→ Your assignment: Set down the data below without change, skipping the pictures it holds.

--- START ---

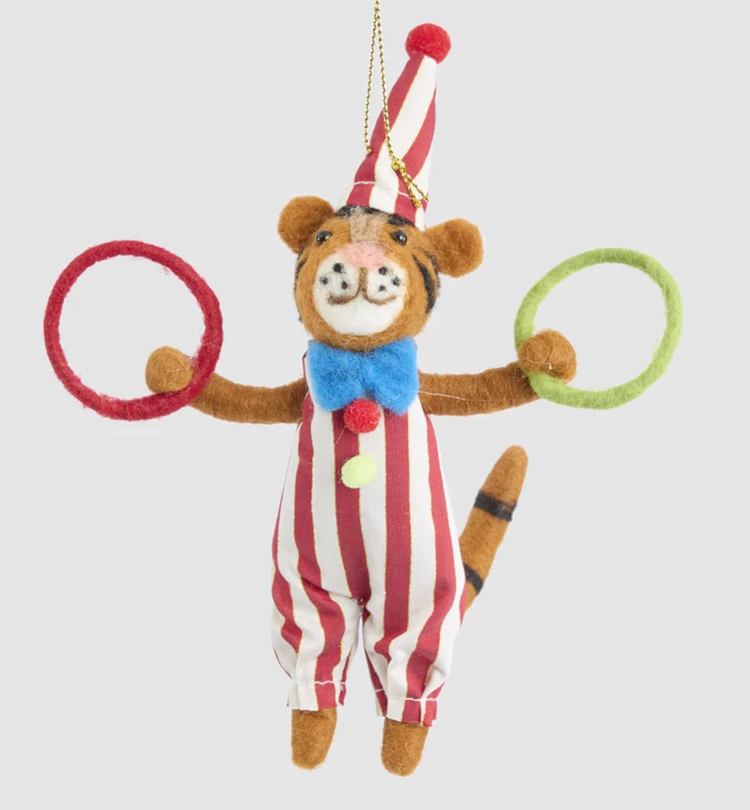Ring King Lion Decoration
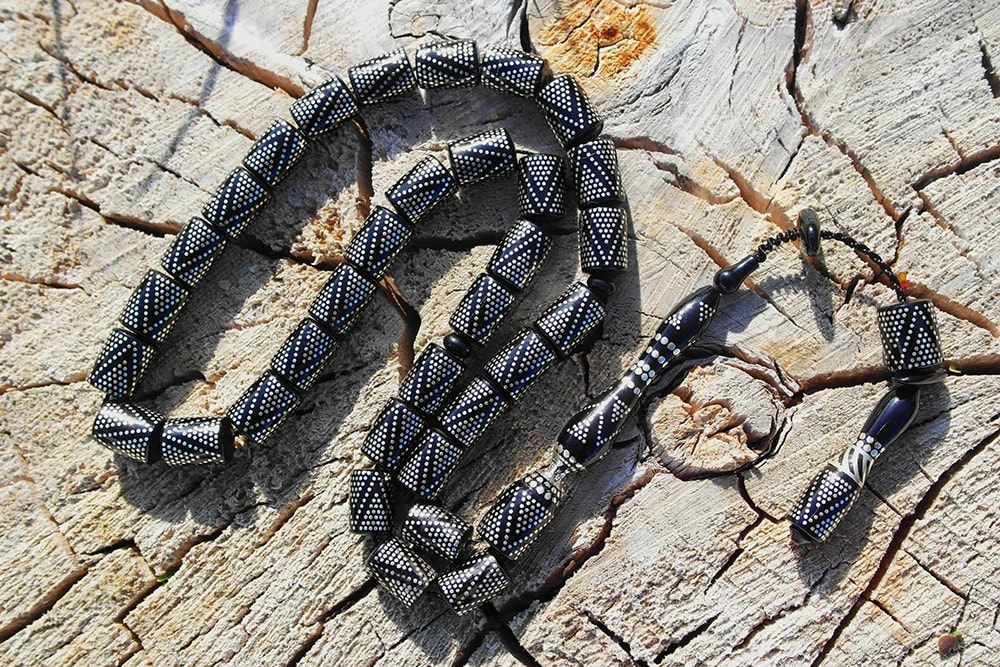 Kesme Piramit Zikzak İşlemeli Oltu Taşı  Tespih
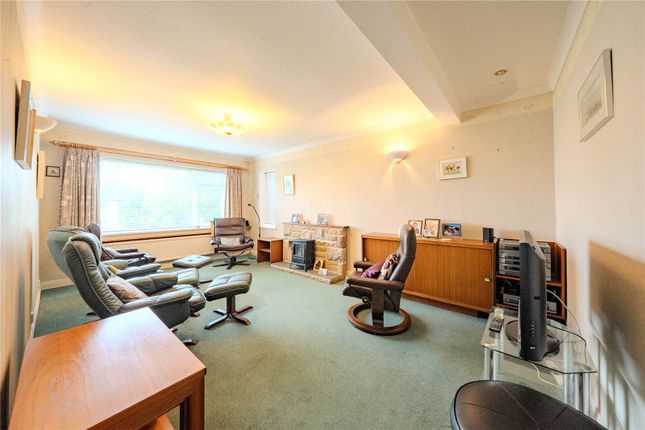 15, Dunstarn Drive, West Yorkshire photo 4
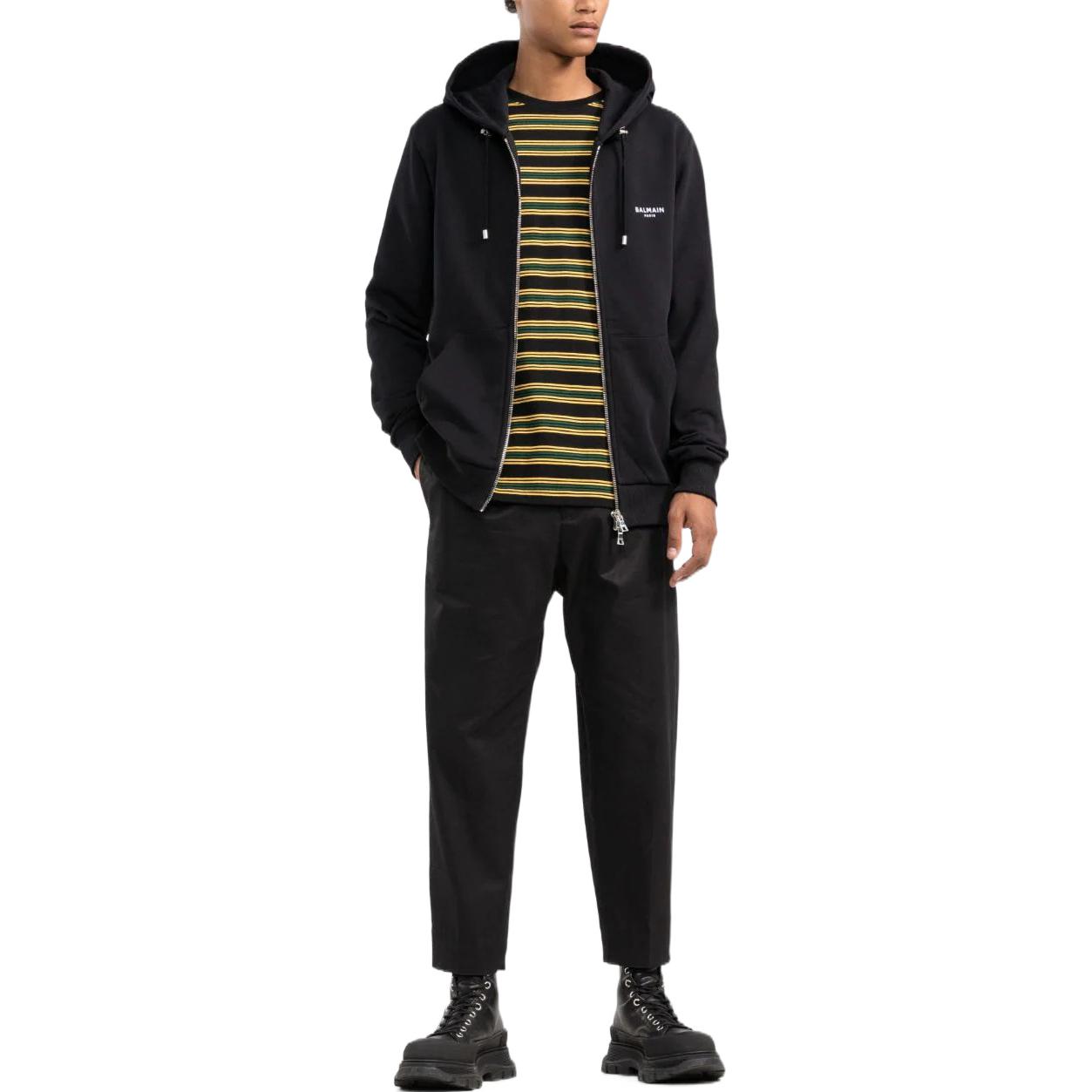 Lookbook BALMAIN FW22 Jaket Hoodie Hitam Berzip dengan Logo Cetak untuk Lelaki. YH1JX000BB04000EAB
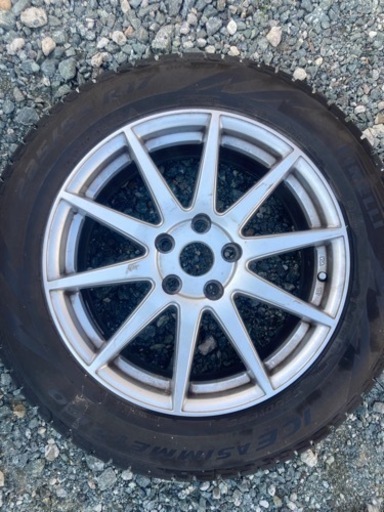 スタッドレスタイヤ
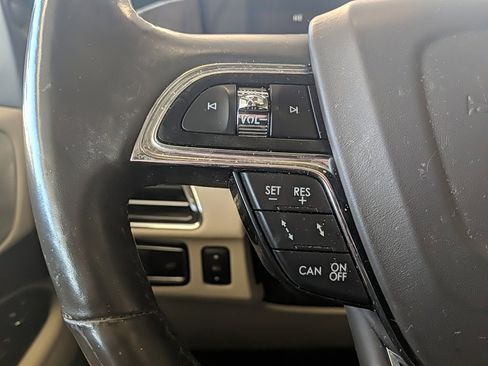 Used 2020 Lincoln Navigator Reserve w/ Luxury Package image 18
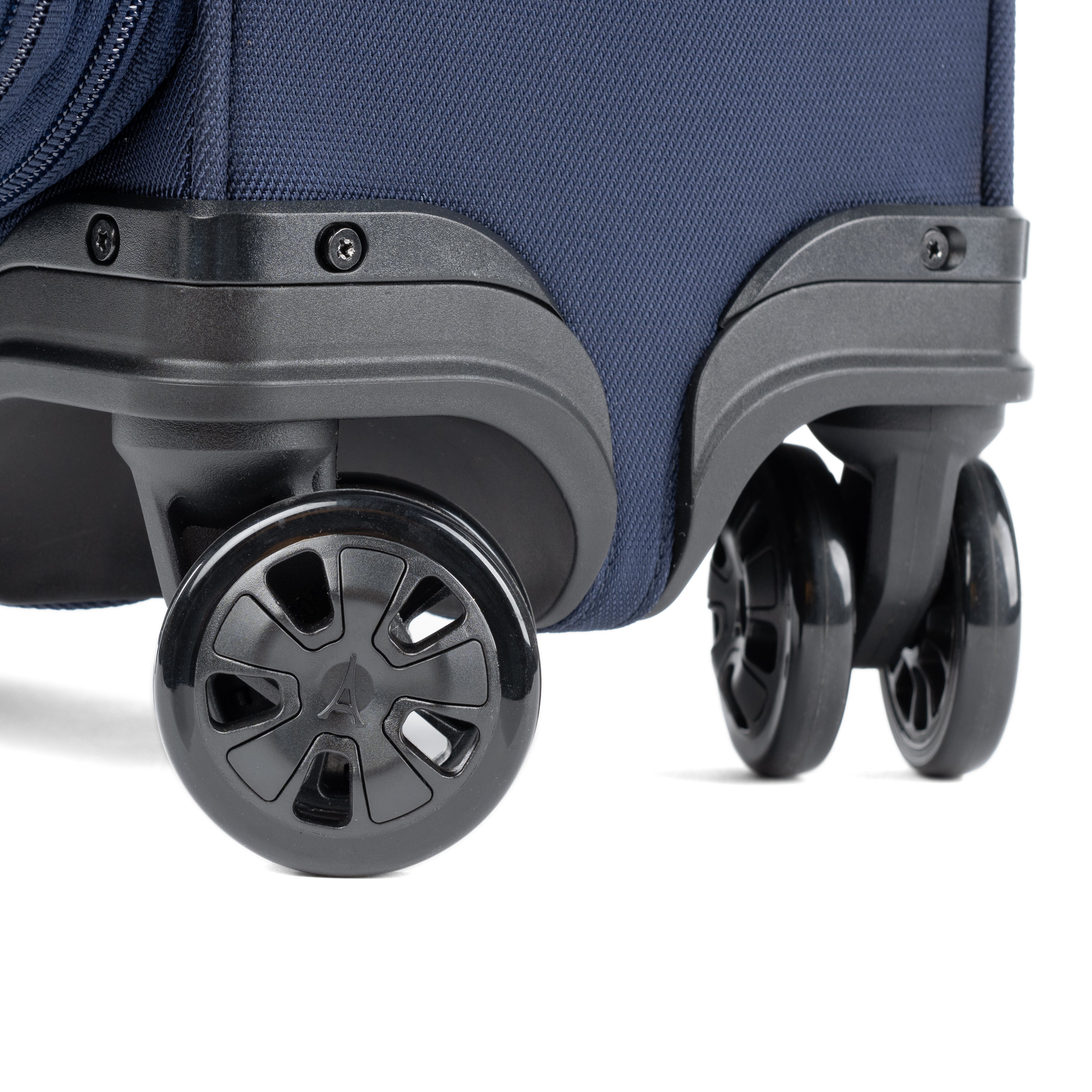 Crew™ Classic Compact Carry-On Expandable Spinner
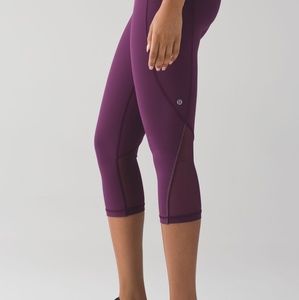 💜Lululemon Free Runner Crop in Plum💜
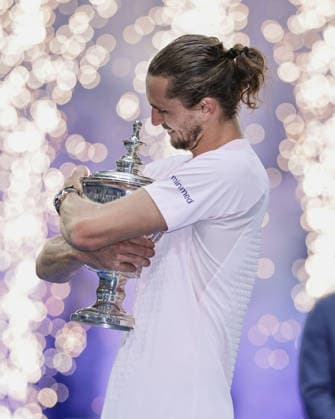 Alexander Zverev mit dem Pokal, Siegerehrung, Praesentation, US Open Championships, Billie Jean King National Tennis Center, Flushing Meadows, New York, USA . Copyright: xJuergenxHasenkopfx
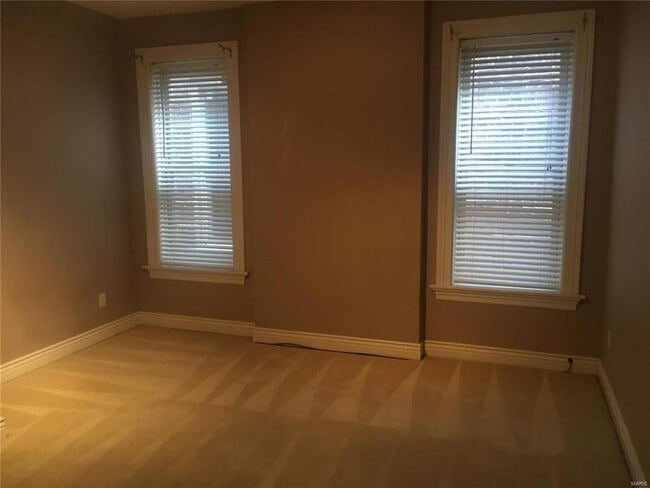 Building Photo - Beautiful home within walking distance to ...
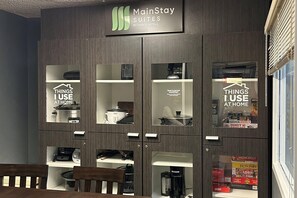 MainStay Suites -hotellin huone, joka kuuluu Choice Hotels -ketjuun, ja jossa on keittiö, mukaan lukien keittiökalusteet ja säilytystilat.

--- END ---

→ Exercise response:
Ring King Lion Decoration
 Kesme Piramit Zikzak İşlemeli Oltu Taşı  Tespih
 15, Dunstarn Drive, West Yorkshire photo 4
 Lookbook BALMAIN FW22 Jaket Hoodie Hitam Berzip dengan Logo Cetak untuk Lelaki. YH1JX000BB04000EAB
 スタッドレスタイヤ
 Used 2020 Lincoln Navigator Reserve w/ Luxury Package image 18
 Crew™ Classic Compact Carry-On Expandable Spinner
 💜Lululemon Free Runner Crop in Plum💜
 Alexander Zverev mit dem Pokal, Siegerehrung, Praesentation, US Open Championships, Billie Jean King National Tennis Center, Flushing Meadows, New York, USA . Copyright: xJuergenxHasenkopfx
 Building Photo - Beautiful home within walking distance to ...
 MainStay Suites -hotellin huone, joka kuuluu Choice Hotels -ketjuun, ja jossa on keittiö, mukaan lukien keittiökalusteet ja säilytystilat.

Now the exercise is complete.